Although civil war (1980–1992) and a succession of natural disasters left El Salvador physically devastated and psychologically traumatised, the country was quick to recover. Tourism was made a government priority: new initiatives included a golf and fishing complex in Usulutan, an adventure resort in the mountains of Chalatenango, and a marina at La Libertad. El Salvador still has a reputation as a violent country, but the truth is that the people of El Salvador have always suffered much more than tourists at the hands of criminals. In 2012, a truce between El Salvador’s violent gangs recently passed the 100-day landmark, resulting in an almost 60% reduction in violent crime.
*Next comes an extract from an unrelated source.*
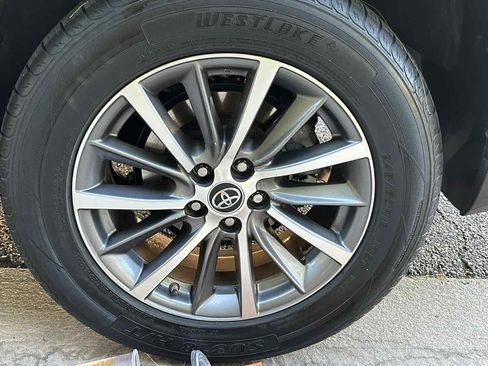 Used 2019 Toyota Highlander XLE image 49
While crime remains a problem, the National Civilian Police (PNC) generally have a good reputation, and security for tourists has improved greatly with the introduction of a specially trained tourist police force, Politur, which operates at destinations throughout the country.
The global recession has taken its toll on El Salvador, but recent social reforms have gone some way to alleviating the difficulties of its people, and El Salvador’s tourism industry is rapidly adapting to today’s global economic and climatic situation. Coffee plantations hit by a decline in profits are inviting guests to visit, to eat and drink, to stay, to work. Beach resorts are becoming more boutique, offering better service with a personalised touch for the same money, and with less environmental impact.
Building on the fact that the country remains among the most advanced in the region in terms of infrastructure and living standards, entrepreneurs and official bodies are waking up to the true value of El Salvador’s natural wonders with eco-tours into national parks growing in popularity. Spa hotels are multiplying too, many taking advantage of the country’s volcanic hot springs, while La Libertad has put El Salvador on the global surfing map. Even the Civil War is proving to be a tourist draw, with many visitors keen to find out more about the conflict that divided this nation for so long. El Salvador may have a way to go, but the signs are certainly there of a blossoming renaissance.